Last year, the government of the United States invited a mission coordinated by the former president of Costa Rica, Laura Chinchilla to observe their election. It was the first time an international organization sent observers to the country. This year, Brazil, another relevant country in the hemisphere, invited watchdogs to monitor its general elections next year, after the signing of an agreement in Foz do Iguaçú, in the Brazilian state of Paraná, during a meeting of Electoral Authorities of Mercosur. With Brazilian adherence to this international norm, only a few countries in the region still resist inviting foreign observers.
Those events are part of a bigger trend that started during the Cold War, especially in Latin America. Countries such as Honduras and Costa Rica, who were part of a democratic wave invited monitors as a way to guarantee their recognition of democratic values. In the 90’s the missions began to specialize and more countries accepted being monitored by international organizations as they saw many benefits attached to it, such as ending fraud at polling places.

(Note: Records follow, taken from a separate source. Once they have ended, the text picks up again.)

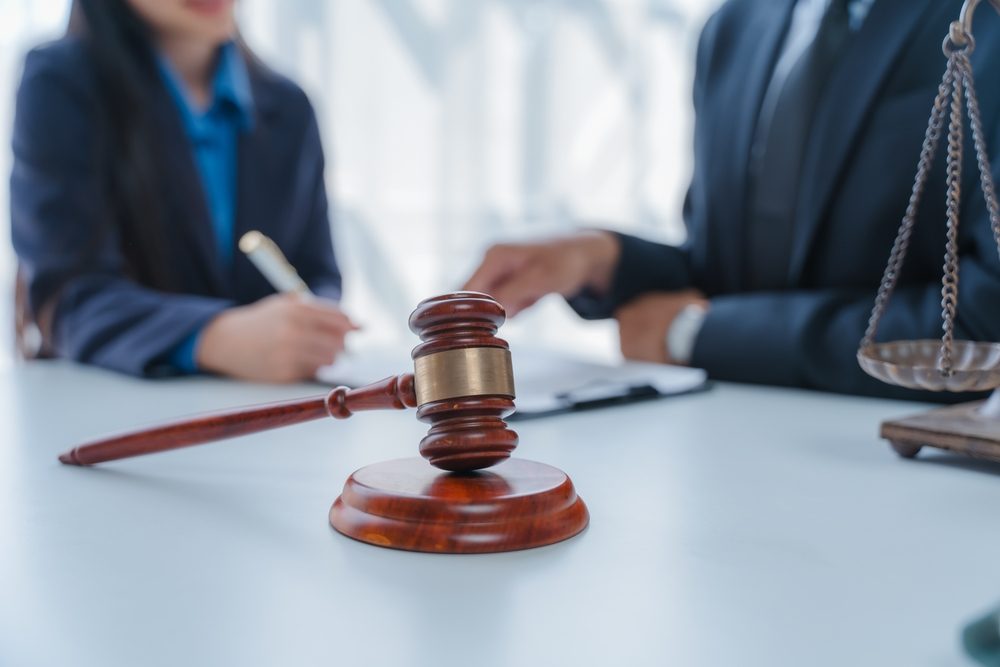A gavel in front of two lawyers in mediation. Is mediation legally binding in personal injury cases?
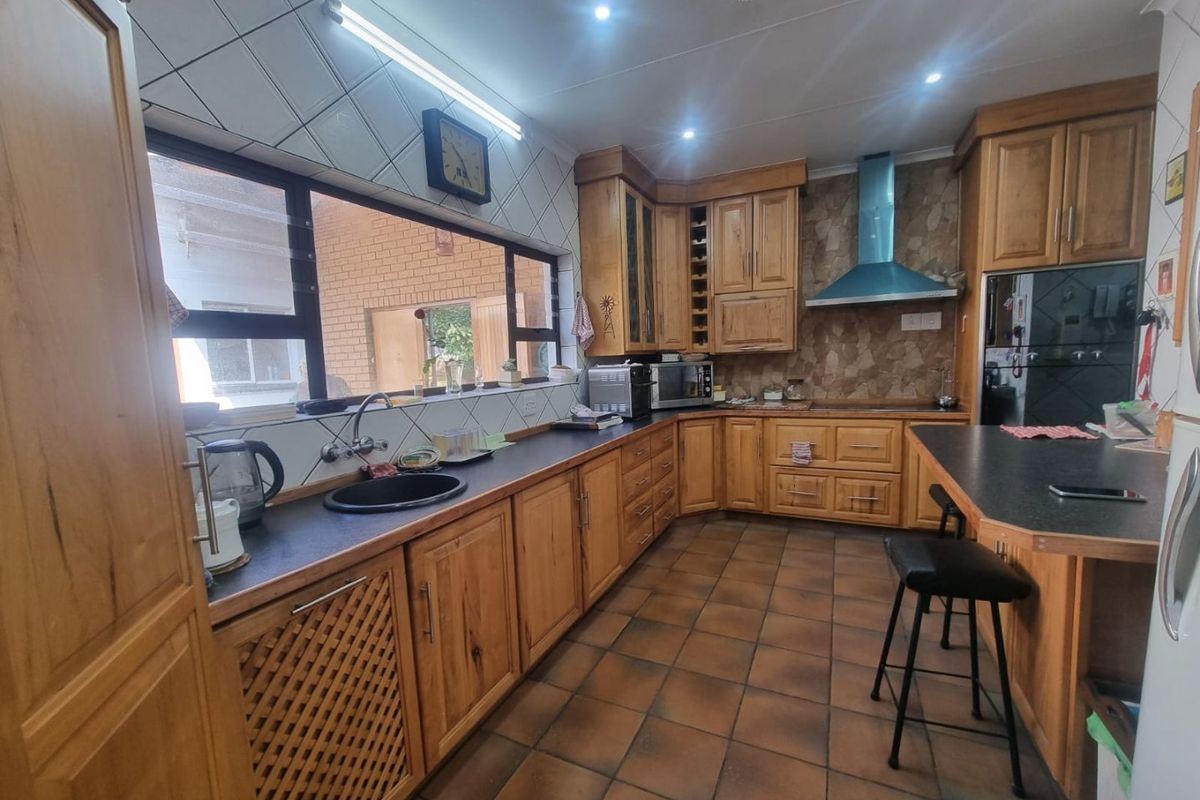 A functional kitchen featuring extensive wooden cabinetry, dark laminate countertops, a breakfast bar, and built-in appliances with tiled flooring and backsplash.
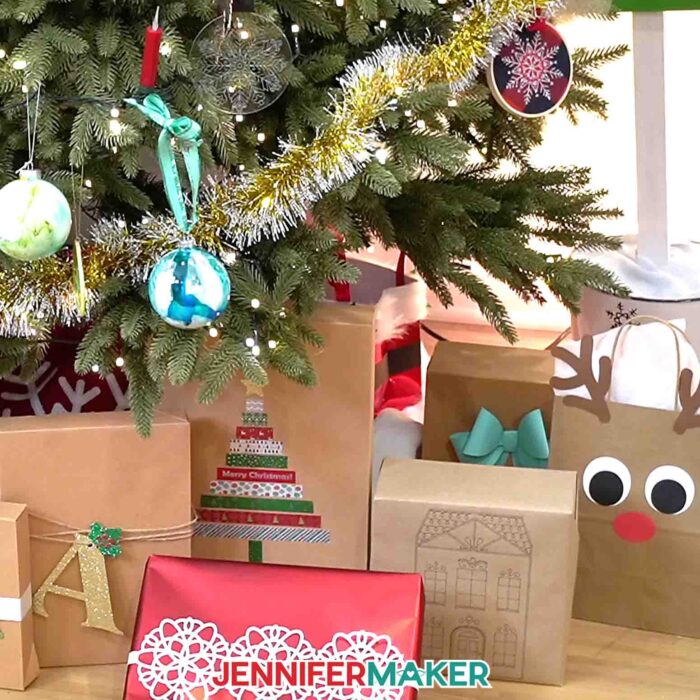 A variety of wrapped and decorated gifts under a tree.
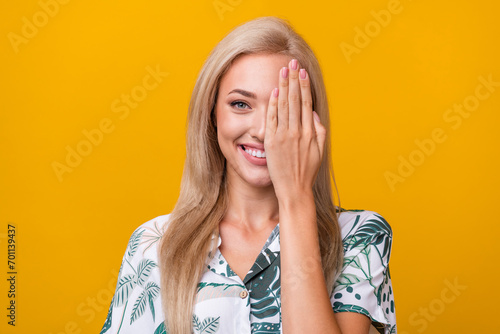 Portrait of positive cheerful woman with straight hairstyle wear stylish blouse palm cover eye isolated on yellow color background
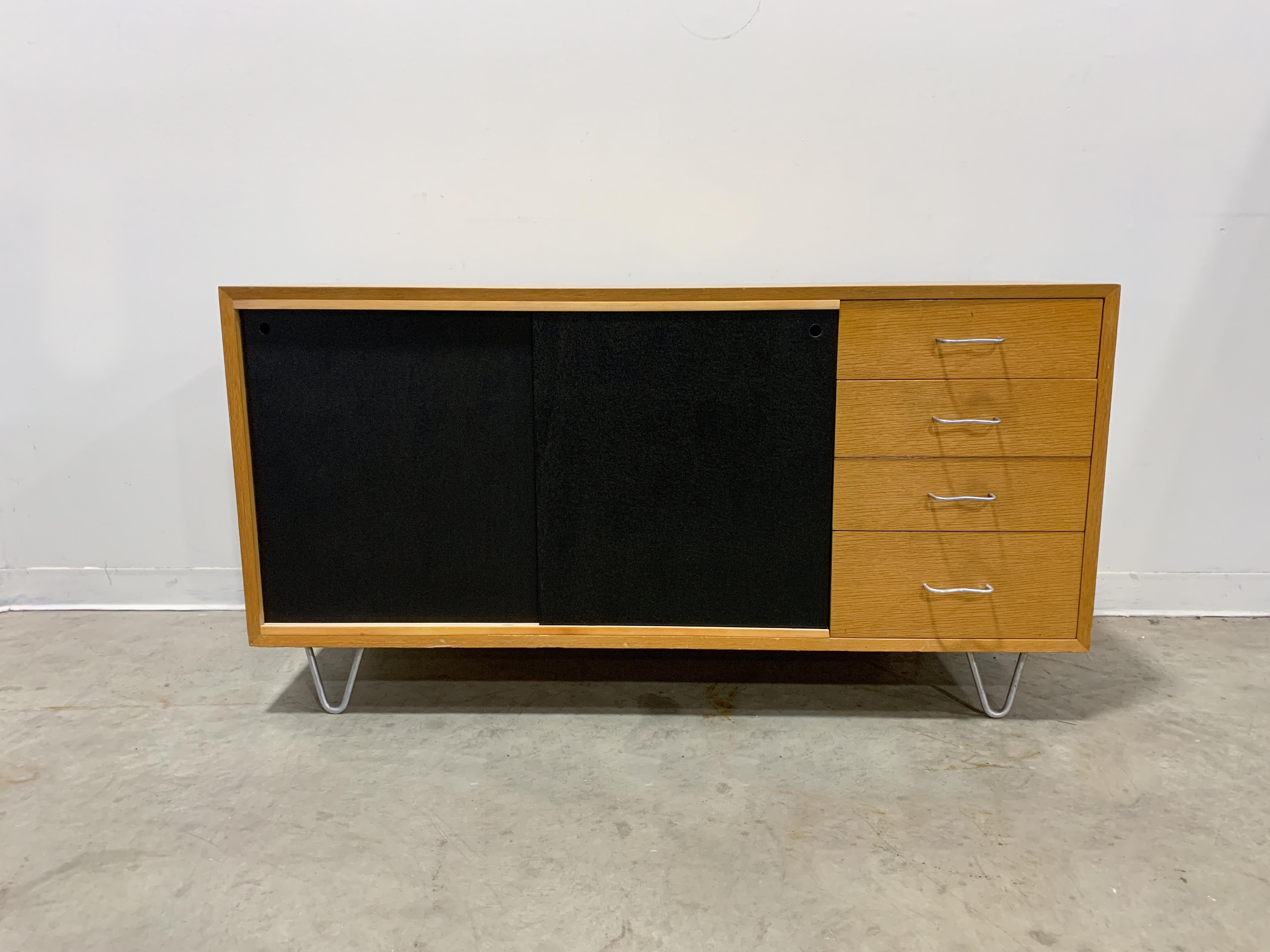Unique sideboard from Herman Miller's BCS line in the early 1950s. Blonde oak veneered cabinet with bent aluminium pulls and hairpin legs. This cabinet has been modified to include sliding doors. Originally the cabinet had normal swing doors but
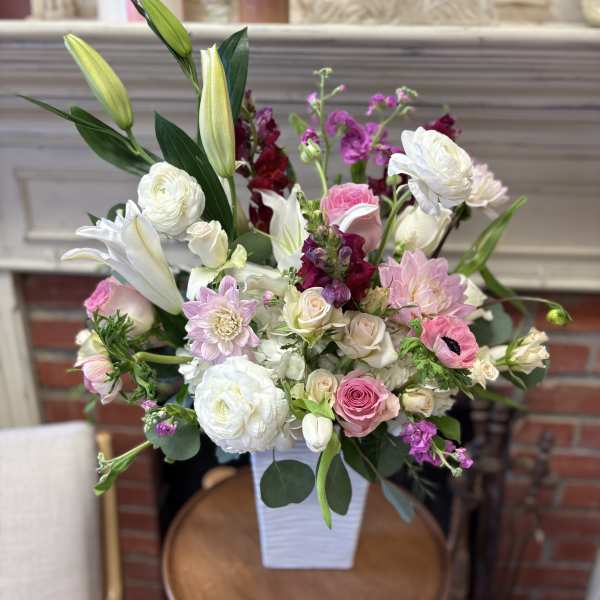 Mixed pink and white flower arrangement in a white vase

Today, the missions are far more specialized and number a diversified range of observers whose profiles can vary from scholars to professionals to high-quality electoral tribunal officials and others. They monitor much more than the voting day, and are far more preoccupied with the electoral cycle and the threats which oppose it.
Countries that are not monitored can even be criticized for the legitimacy of the electoral processes carried out in their territories. Some of the countries are Nicaragua and Venezuela. Nicaragua invited an observing mission to the municipal elections last December, after a long period of only allowing the process to be witnessed by foreigners. In Venezuela even with external enforcement the observers are still not allowed to move freely during the voting day, and the visits to the polling centers are previously determined by the national electoral council.
Venezuela benefited from international observation previously. One of those times arose a few years ago during a controversy involving a presidential recall. The Carter Center mediated the dispute between the parties and made possible Chávez reelection, without contestation.
Notwithstanding, during Chávez term observation was reduced to the accompanying status, made possible only by the presence of regional organizations, such as the Union of South American Nations (UNASUR), and this is still in force today.
In countries with a long tradition in receiving watchdogs, as can be seen in Mexico, one important change is worth noting: the creation and/or consolidation of nets composed of national observers. This is special because it reinforces domestic sources of legitimacy and gives more guarantees that an electoral process adheres to democratic standards.
Regardless of the climate of uncertainty surrounding the watchdogs’ presence, where this practice is still a novelty, we can’t deny that it already occupies a significant space in contemporary international relations. As can be seen, some countries are still resistant; some are slowly accepting it and some are already its closest partner. Overall, observation has gained traction in the Americas.